Written by: Terry Nation

Starring: Nicholas Briggs, Sadie Miller, Philip Hinchcliffe, Samira Ahmed

Big Finish has always had a penchant for delivering lost Doctor Who stories to its audience, and often, they’ve worked very well, with only the occasional reaction of “That wasn’t really a loss at all, was it?”

In particular since the company has re-cast Sarah Jane Smith and Harry Sullivan though, a new and tantalising prospect has emerged. Season 12 is widely regarded as one of the best of the Classic Era’s years – Sarah, Harry, a brand new and entirely remarkable Doctor in the body and the voice of Tom Baker, and a combination of returning super-foes and great new body horror monsters – the Daleks, the Cybermen, the Wirrn, and so on.

As it turns out, the scripts that made it to screen as Season 12 had a significant number of alterations from their original versions, and so Big Finish has begun essentially re-imagining them.

Season 12 – Early Stages

In the case of Return of the Cybermen – the Gerry Davis script that, after significant sledgehammering by Robert Holmes on script editing duties became Revenge of the Cybermen – it was fairly obvious on release why some of the changes proved necessary. There’s an altogether run-of-the-mill Troughton-style story there – as you’d expect from Gerry Davis if he were writing the Cybermen back in that period. They don’t especially advance very much in the original script, and the politics of the Vogans, which in the transmitted version does at least deliver something almost-interesting to cut away to when the Cybermen storyline gets tiresome, is also significantly more dull.

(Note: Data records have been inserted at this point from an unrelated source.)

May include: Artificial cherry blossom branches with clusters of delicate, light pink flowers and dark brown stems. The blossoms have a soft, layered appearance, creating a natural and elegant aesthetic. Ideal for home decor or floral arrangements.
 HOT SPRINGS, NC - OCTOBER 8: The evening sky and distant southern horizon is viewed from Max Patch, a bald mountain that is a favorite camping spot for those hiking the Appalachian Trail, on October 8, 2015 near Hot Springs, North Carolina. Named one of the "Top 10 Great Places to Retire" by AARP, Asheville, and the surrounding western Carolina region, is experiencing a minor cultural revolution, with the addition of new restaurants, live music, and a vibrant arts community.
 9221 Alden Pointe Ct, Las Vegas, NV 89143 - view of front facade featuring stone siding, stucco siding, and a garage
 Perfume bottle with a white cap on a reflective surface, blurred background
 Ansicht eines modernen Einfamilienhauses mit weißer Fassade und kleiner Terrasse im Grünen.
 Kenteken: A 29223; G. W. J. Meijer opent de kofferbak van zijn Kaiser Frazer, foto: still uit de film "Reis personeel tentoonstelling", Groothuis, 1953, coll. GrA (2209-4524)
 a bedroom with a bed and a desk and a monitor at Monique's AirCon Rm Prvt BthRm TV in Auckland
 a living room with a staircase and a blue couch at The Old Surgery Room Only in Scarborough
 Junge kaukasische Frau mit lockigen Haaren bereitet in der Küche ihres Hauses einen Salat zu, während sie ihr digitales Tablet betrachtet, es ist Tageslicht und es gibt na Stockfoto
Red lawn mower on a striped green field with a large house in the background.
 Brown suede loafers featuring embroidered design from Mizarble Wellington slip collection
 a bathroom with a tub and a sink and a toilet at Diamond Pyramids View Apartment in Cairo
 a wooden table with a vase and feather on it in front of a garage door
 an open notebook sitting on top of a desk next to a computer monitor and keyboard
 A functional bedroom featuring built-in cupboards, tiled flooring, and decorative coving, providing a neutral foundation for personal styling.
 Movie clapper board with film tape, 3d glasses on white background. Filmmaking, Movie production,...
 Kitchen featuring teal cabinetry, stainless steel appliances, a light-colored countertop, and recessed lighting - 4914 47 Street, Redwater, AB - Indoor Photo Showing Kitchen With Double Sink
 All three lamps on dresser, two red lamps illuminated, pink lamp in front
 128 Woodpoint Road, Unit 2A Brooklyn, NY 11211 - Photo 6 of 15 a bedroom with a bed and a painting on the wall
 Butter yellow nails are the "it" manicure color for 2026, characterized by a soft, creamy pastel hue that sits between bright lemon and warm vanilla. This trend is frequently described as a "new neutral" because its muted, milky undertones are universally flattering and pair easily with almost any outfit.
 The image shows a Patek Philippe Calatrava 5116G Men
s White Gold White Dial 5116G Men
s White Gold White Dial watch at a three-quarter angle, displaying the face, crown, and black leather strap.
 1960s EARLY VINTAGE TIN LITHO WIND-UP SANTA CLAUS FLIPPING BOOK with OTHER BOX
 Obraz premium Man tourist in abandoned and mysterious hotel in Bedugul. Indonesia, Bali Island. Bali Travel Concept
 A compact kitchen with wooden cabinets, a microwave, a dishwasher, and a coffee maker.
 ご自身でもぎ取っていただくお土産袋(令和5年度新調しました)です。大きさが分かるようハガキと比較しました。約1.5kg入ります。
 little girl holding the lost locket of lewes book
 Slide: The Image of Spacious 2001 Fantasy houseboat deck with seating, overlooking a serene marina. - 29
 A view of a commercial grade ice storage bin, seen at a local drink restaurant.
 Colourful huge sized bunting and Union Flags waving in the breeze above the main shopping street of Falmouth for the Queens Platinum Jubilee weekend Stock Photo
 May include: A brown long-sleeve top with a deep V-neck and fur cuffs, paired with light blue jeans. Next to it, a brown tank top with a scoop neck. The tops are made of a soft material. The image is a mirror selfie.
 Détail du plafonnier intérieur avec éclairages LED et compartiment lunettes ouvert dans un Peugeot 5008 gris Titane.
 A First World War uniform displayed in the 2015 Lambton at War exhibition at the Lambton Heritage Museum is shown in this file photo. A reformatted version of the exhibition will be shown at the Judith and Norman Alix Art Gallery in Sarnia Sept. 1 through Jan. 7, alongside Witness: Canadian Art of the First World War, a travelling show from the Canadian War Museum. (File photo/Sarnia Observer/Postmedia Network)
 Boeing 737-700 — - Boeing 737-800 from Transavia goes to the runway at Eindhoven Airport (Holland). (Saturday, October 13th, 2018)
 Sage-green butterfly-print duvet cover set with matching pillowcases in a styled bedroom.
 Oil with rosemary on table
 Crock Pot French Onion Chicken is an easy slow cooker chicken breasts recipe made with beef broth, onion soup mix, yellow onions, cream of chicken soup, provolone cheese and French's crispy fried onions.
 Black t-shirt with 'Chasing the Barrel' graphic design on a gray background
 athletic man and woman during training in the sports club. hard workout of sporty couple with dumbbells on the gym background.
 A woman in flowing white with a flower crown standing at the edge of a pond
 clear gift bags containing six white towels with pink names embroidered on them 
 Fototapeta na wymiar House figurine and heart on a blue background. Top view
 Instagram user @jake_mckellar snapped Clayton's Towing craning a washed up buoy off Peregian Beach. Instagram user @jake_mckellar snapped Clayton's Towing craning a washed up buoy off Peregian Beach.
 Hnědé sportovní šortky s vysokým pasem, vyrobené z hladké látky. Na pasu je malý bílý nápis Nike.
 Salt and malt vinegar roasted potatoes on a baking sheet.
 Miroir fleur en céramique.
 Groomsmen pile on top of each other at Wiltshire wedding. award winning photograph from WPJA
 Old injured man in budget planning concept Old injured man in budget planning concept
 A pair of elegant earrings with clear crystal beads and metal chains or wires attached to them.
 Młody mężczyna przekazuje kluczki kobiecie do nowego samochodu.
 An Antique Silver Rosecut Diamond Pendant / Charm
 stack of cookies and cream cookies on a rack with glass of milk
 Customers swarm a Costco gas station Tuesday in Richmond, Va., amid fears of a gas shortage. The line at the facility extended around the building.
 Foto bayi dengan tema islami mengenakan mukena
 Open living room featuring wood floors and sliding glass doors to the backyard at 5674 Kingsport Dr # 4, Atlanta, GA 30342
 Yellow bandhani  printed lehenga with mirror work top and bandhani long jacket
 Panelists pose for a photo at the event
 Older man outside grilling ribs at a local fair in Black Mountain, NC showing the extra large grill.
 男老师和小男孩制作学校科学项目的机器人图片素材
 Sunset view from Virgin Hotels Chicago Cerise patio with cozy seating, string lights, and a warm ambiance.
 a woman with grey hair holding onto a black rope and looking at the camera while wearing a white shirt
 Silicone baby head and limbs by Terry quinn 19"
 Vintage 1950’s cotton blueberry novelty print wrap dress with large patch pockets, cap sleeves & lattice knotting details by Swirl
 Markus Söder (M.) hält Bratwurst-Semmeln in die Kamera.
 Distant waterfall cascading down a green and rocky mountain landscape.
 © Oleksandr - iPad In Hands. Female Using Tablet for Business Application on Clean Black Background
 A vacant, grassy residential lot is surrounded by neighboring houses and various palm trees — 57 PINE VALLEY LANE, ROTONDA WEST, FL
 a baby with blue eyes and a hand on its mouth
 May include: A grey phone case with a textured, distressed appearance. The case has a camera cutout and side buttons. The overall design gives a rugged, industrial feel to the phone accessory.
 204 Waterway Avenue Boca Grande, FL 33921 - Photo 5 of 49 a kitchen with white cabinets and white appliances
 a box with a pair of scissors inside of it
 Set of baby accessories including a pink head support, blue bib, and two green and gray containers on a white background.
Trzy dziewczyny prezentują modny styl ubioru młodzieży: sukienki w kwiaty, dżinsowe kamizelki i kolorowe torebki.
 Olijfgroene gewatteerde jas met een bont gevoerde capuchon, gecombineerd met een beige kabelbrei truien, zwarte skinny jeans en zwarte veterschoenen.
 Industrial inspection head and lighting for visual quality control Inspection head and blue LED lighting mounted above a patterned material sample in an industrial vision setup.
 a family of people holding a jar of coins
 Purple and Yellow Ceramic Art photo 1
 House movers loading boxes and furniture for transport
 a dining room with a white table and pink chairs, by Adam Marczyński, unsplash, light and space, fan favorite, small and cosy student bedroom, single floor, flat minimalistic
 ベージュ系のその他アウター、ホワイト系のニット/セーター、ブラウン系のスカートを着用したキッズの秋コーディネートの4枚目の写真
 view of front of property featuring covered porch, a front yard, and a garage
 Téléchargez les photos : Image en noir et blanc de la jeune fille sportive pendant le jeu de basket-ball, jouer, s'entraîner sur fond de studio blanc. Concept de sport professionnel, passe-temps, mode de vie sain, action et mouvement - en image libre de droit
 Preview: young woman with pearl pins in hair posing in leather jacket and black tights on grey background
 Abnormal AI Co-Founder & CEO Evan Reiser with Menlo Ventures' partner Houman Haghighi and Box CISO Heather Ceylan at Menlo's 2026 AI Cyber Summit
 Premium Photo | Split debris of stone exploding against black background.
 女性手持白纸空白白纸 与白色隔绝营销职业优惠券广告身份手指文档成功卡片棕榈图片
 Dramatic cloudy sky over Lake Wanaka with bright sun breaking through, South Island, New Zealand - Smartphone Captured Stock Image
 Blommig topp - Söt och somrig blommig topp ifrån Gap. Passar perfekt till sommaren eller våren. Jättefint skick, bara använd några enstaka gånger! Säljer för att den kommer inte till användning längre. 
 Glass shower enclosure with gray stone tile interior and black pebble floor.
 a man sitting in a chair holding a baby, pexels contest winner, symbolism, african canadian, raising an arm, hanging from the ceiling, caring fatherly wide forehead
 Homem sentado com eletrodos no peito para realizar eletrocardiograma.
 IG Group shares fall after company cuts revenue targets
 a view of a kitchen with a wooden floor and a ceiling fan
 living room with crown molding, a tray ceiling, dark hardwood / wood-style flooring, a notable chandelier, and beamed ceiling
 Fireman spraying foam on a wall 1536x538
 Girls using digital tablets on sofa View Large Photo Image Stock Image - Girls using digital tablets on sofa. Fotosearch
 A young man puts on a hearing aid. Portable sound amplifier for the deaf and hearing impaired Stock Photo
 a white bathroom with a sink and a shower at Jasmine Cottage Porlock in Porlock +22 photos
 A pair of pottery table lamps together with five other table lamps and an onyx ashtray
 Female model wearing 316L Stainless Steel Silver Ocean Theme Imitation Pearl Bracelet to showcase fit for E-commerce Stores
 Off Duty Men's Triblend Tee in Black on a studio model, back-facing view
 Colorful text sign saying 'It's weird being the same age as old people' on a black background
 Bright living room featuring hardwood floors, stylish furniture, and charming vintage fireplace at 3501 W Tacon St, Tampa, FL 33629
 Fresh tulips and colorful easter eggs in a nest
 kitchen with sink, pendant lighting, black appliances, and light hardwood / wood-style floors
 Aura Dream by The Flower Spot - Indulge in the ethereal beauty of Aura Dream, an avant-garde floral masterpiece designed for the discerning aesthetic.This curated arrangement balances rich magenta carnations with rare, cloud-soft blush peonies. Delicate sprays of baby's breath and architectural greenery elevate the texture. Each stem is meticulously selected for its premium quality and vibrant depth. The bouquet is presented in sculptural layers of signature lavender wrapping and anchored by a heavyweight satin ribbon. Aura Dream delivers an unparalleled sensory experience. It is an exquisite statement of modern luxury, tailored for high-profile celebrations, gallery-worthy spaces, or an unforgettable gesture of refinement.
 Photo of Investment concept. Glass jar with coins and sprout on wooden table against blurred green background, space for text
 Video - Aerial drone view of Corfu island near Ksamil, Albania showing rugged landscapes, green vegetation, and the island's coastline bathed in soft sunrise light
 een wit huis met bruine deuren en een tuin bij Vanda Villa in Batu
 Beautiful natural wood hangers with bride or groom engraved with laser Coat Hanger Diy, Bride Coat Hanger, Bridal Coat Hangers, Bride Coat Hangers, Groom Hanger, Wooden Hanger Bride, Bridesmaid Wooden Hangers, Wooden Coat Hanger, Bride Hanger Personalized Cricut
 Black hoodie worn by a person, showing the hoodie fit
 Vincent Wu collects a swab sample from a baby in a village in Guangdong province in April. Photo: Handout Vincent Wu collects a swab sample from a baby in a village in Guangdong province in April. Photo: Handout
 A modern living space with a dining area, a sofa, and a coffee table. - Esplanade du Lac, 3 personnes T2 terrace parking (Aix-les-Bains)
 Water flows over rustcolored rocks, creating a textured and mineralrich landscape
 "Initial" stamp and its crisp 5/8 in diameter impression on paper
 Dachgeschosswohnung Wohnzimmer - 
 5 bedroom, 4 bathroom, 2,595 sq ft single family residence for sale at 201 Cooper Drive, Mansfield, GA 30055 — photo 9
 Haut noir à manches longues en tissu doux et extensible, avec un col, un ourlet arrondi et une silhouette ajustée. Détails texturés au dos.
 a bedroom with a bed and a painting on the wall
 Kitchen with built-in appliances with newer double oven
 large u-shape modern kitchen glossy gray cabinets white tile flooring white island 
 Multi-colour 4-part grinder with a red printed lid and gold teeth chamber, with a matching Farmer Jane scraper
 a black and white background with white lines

In Doctor Who and the Ark – originally submitted by John “Marco Polo and Aztecs genius” Lucarotti, we get a version of what would later see light as The Ark in Space that, while it more or less fits the same premise and template, is nevertheless strikingly different, with a very different take on the alien menace and a Doctor that, like Davis’ in Return of the Cybermen, is fairly far removed from what Tom Baker would eventually conjure on screen.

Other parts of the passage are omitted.